* **Material for this task**:
"""
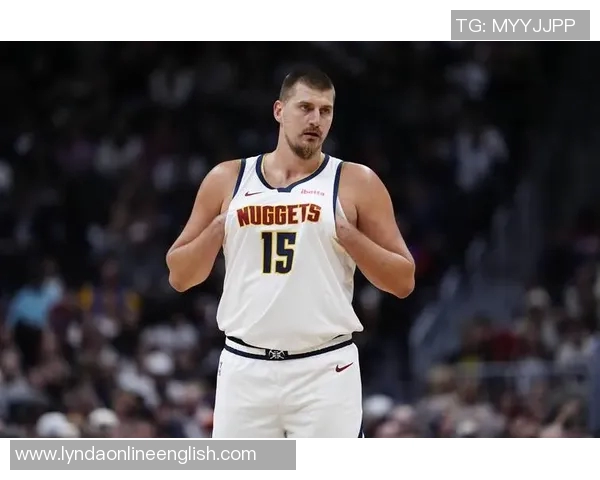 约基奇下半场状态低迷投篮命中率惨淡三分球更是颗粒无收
"""
"""
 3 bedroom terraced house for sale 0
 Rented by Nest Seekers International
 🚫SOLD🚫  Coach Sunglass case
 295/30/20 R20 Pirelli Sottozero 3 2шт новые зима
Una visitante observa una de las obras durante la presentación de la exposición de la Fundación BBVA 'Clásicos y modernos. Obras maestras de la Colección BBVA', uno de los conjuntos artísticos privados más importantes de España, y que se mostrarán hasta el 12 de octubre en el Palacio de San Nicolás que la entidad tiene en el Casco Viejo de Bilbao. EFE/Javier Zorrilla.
"""
Keep both end lines and retype everything in the records above from the line containing "Coach Sunglass case" through the line containing "Una visitante observa", exactly, with nothing else.

* **Answer box**:
 🚫SOLD🚫  Coach Sunglass case
 295/30/20 R20 Pirelli Sottozero 3 2шт новые зима
Una visitante observa una de las obras durante la presentación de la exposición de la Fundación BBVA 'Clásicos y modernos. Obras maestras de la Colección BBVA', uno de los conjuntos artísticos privados más importantes de España, y que se mostrarán hasta el 12 de octubre en el Palacio de San Nicolás que la entidad tiene en el Casco Viejo de Bilbao. EFE/Javier Zorrilla.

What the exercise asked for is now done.